Print every line of the listing exactly, please.
[[ GIVEN INFORMATION open ]]
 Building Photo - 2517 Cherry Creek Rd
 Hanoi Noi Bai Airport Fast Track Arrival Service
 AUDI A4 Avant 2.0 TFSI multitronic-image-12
[[ GIVEN INFORMATION closed ]]
RESPONSE:
 Building Photo - 2517 Cherry Creek Rd
 Hanoi Noi Bai Airport Fast Track Arrival Service
 AUDI A4 Avant 2.0 TFSI multitronic-image-12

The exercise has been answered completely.